**RECORDS FOR THIS EXERCISE**

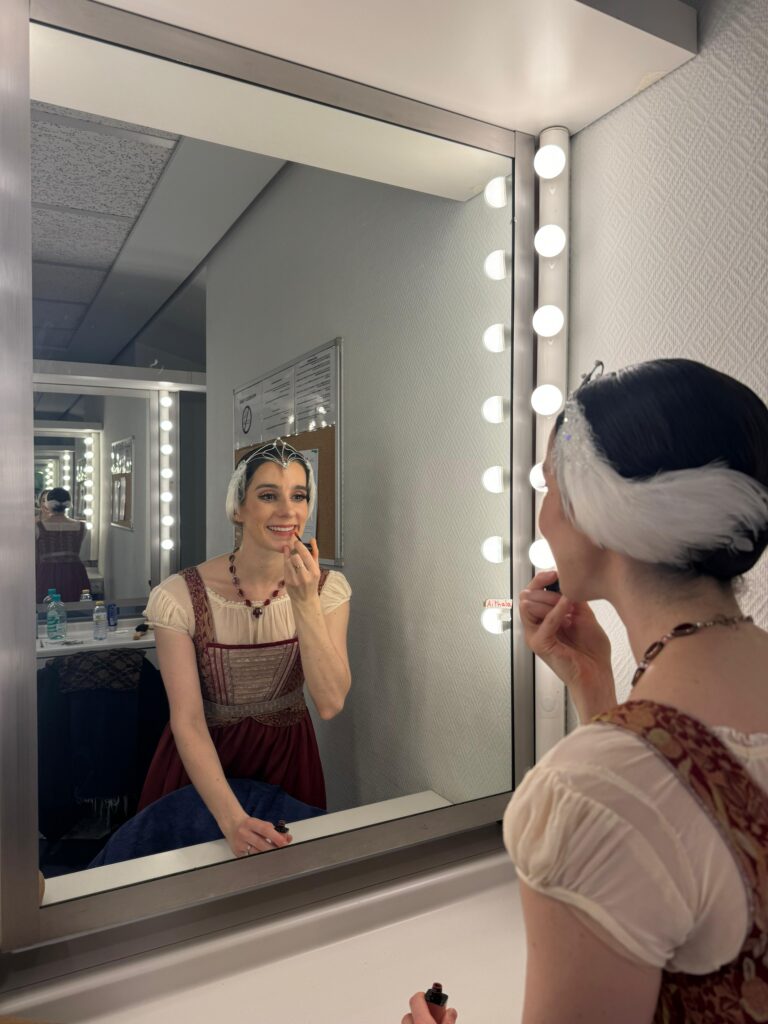 A female ballet dancer applies lipstick at her dressing room mirror. She wears a white feathered headpiece and a brown peasant dress costume.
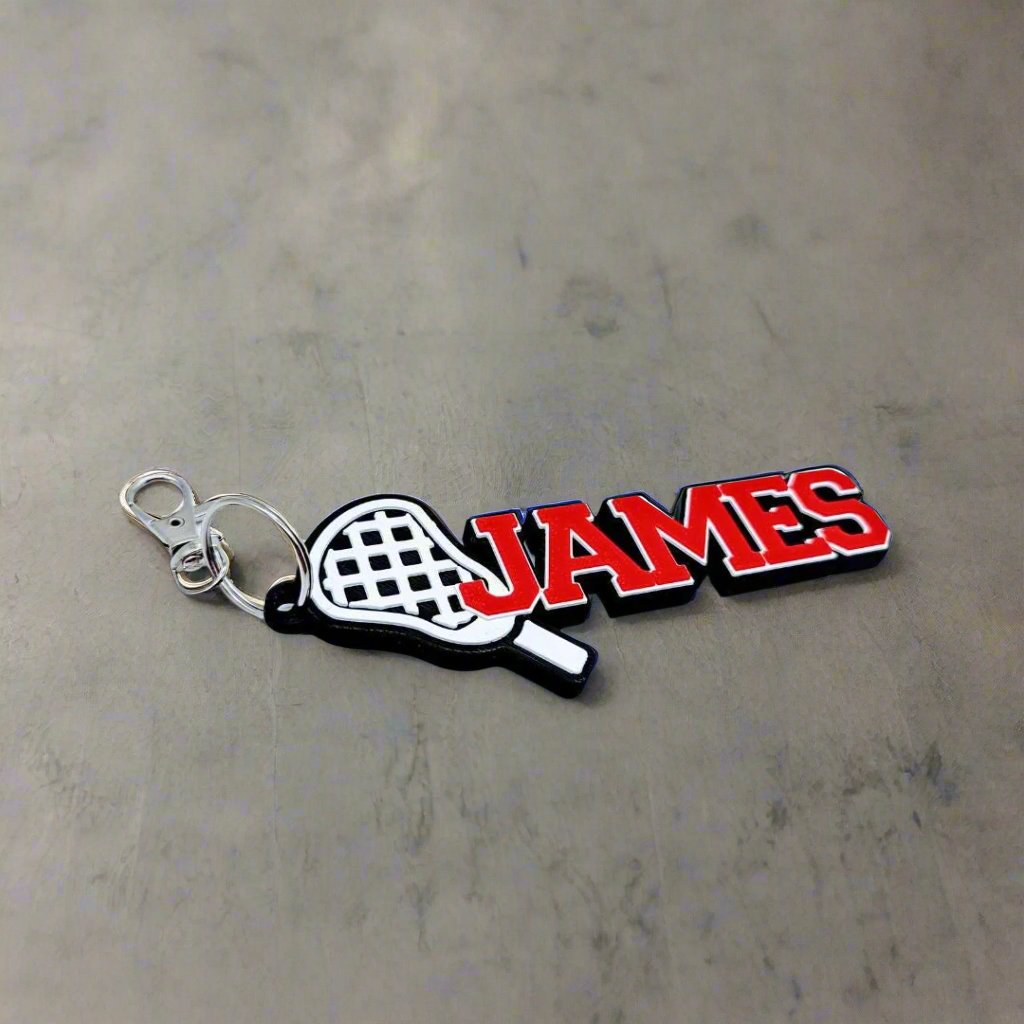 Red lacrosse name tag "JAMES" with metal clip on a concrete surface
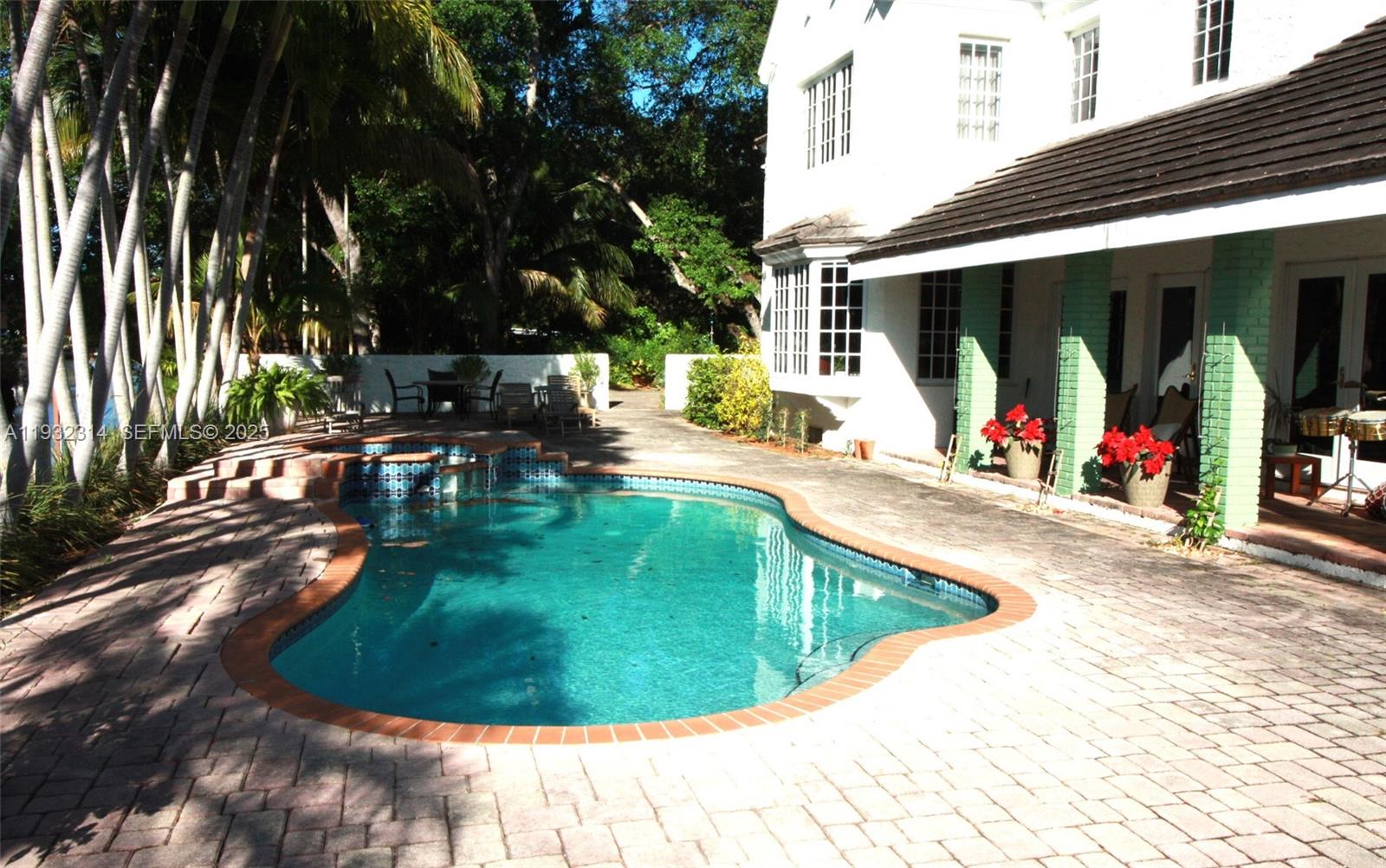 A backyard features a swimming pool with a spa, brick patio, and a white house — 6750 Granada Blvd, Coral Gables FL 33146, CORAL GABLES, FL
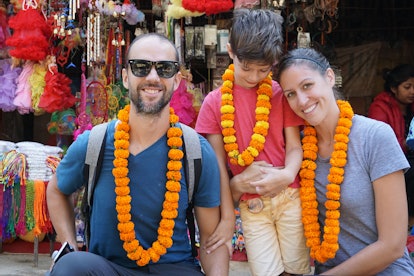 Parents and their autistic son wearing orange Hawaii leather necklaces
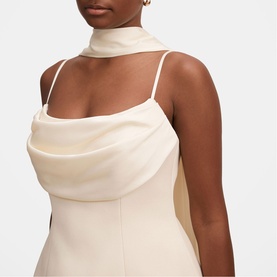 Model wearing Forever New Cannoli Cream satin cowl-neck midi dress with thin straps and mock-neck detail.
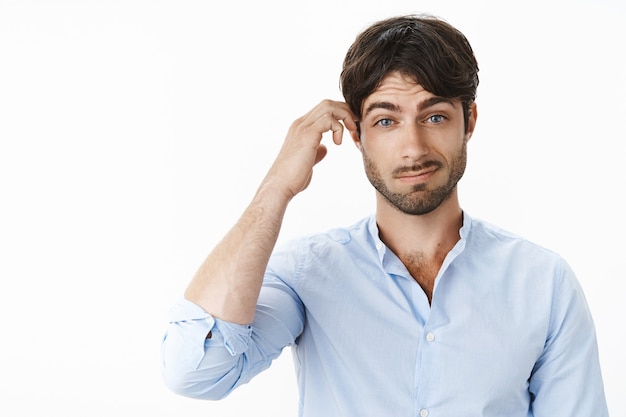 Portret van verward en geen idee, knappe vriend met blauwe ogen en baard kan hints vrouw niet begrijpen die grijnzend haar hoofd krabt terwijl ze naar voren wordt ondervraagd over grijze muur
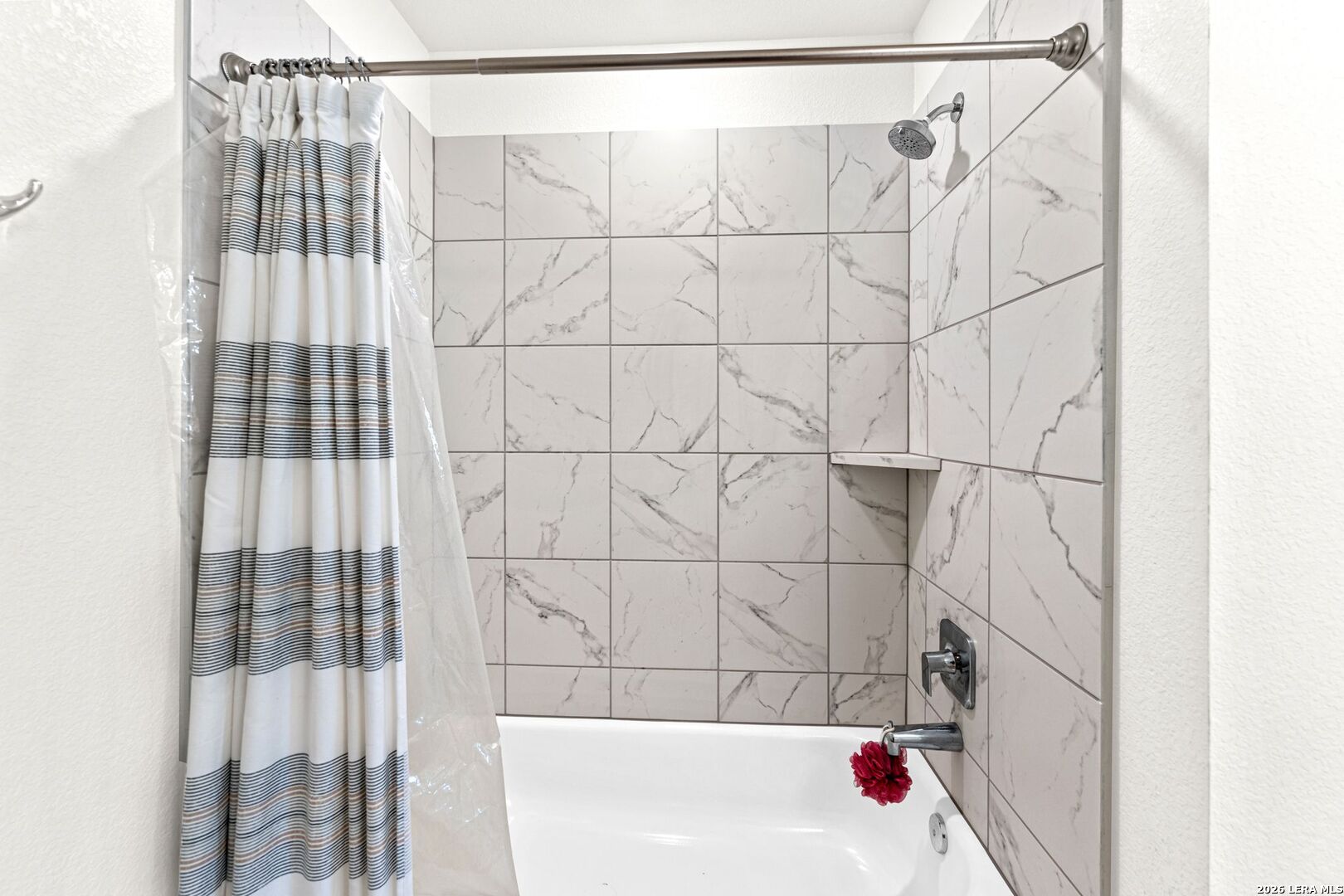 1029 Santiam Street Georgetown, TX 78626 - Photo 22 of 37 a bathroom with a bathtub and shower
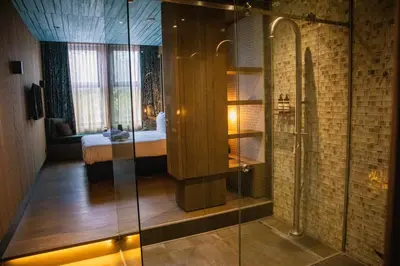 a bathroom with a shower and a bed in a room at Manzo's Suites in Zaandam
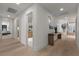 Light filled hallway with wood floors, white walls, and access to other rooms at 2401 Driftwood Dr, Las Vegas, NV 89107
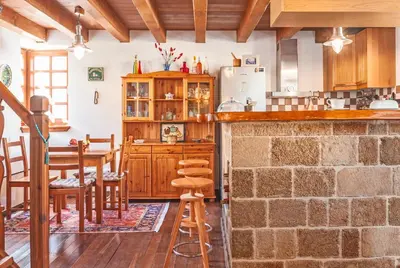 a kitchen with a counter and a table and chairs at VILLA VICTORIA OLD TOWN in Rhodes Town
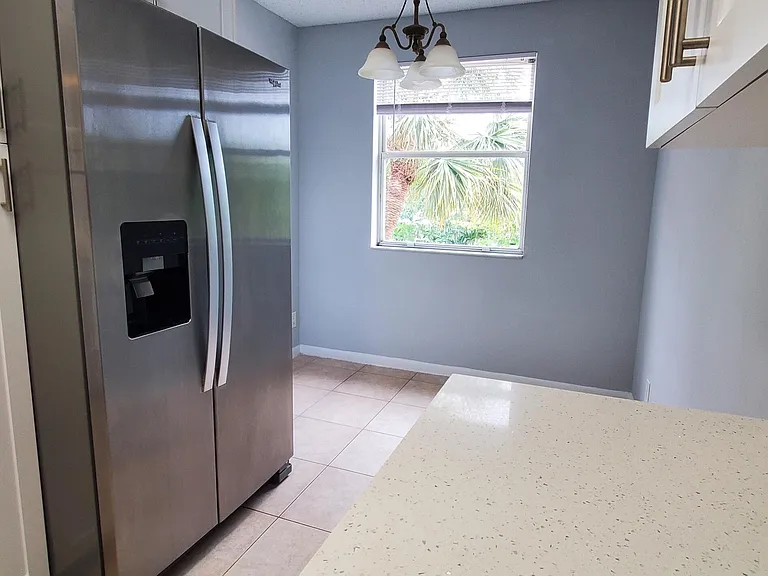 9033 Wiles Rd #308 — Photo 9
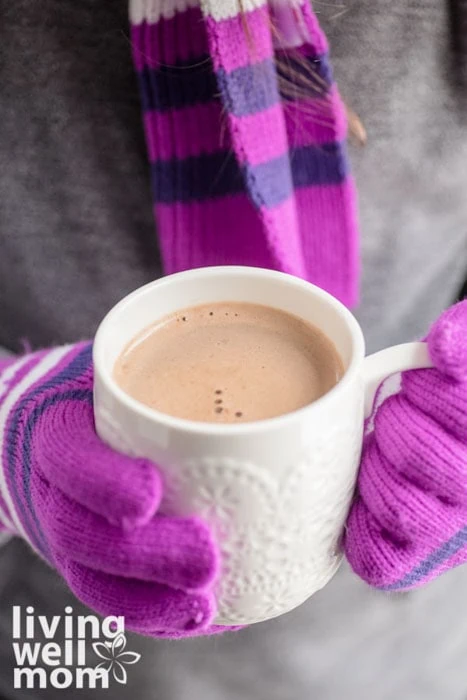 person with scarf and gloves holding a mug of cocoa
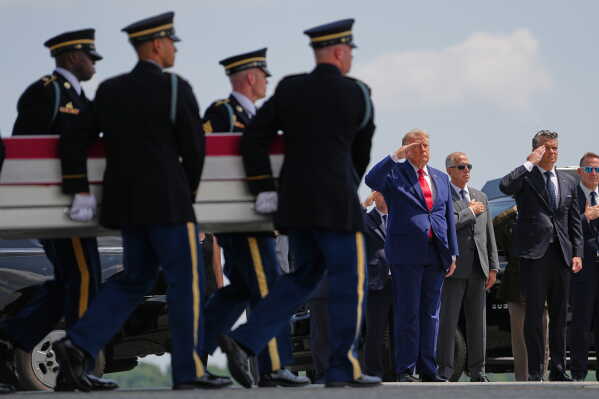President Donald Trump and Secretary of Defense Pete Hegseth, salute as a U.S. Army carry team moves a transfer case containing the remains of Pvt. Isabella Gonzales of Carrollton, Texas, Wednesday, July 22, 2026, at Dover Air Force Base, Del. (AP Photo/Matt Rourke)
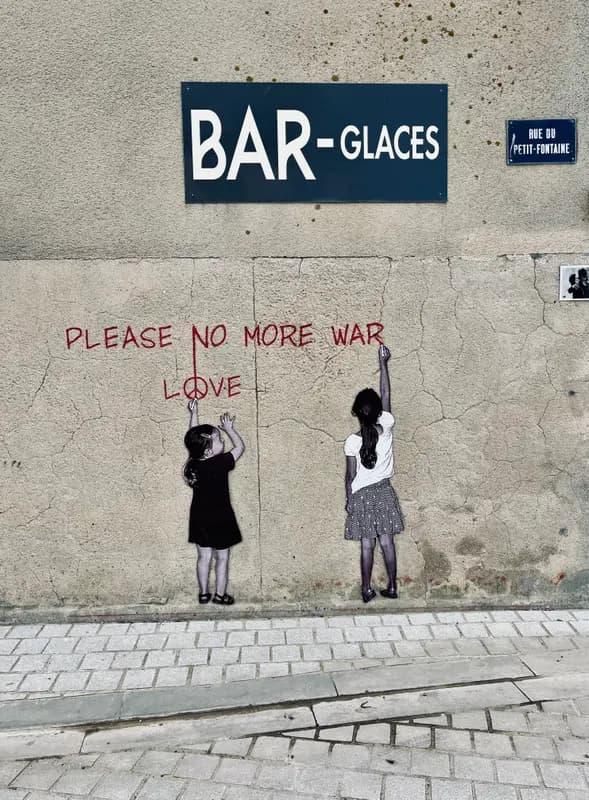 Street art on Bar-Glaces wall in Paris showing two children writing "Please No More War, Love" with peace symbol.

**EXERCISE INSTRUCTIONS**
Transcribe the listing above verbatim. Omit the pictures.

**WRITTEN SOLUTION**
 A female ballet dancer applies lipstick at her dressing room mirror. She wears a white feathered headpiece and a brown peasant dress costume.
 Red lacrosse name tag "JAMES" with metal clip on a concrete surface
 A backyard features a swimming pool with a spa, brick patio, and a white house — 6750 Granada Blvd, Coral Gables FL 33146, CORAL GABLES, FL
 Parents and their autistic son wearing orange Hawaii leather necklaces
 Model wearing Forever New Cannoli Cream satin cowl-neck midi dress with thin straps and mock-neck detail.
 Portret van verward en geen idee, knappe vriend met blauwe ogen en baard kan hints vrouw niet begrijpen die grijnzend haar hoofd krabt terwijl ze naar voren wordt ondervraagd over grijze muur
 1029 Santiam Street Georgetown, TX 78626 - Photo 22 of 37 a bathroom with a bathtub and shower
 a bathroom with a shower and a bed in a room at Manzo's Suites in Zaandam
 Light filled hallway with wood floors, white walls, and access to other rooms at 2401 Driftwood Dr, Las Vegas, NV 89107
 a kitchen with a counter and a table and chairs at VILLA VICTORIA OLD TOWN in Rhodes Town
 9033 Wiles Rd #308 — Photo 9
 person with scarf and gloves holding a mug of cocoa
President Donald Trump and Secretary of Defense Pete Hegseth, salute as a U.S. Army carry team moves a transfer case containing the remains of Pvt. Isabella Gonzales of Carrollton, Texas, Wednesday, July 22, 2026, at Dover Air Force Base, Del. (AP Photo/Matt Rourke)
 Street art on Bar-Glaces wall in Paris showing two children writing "Please No More War, Love" with peace symbol.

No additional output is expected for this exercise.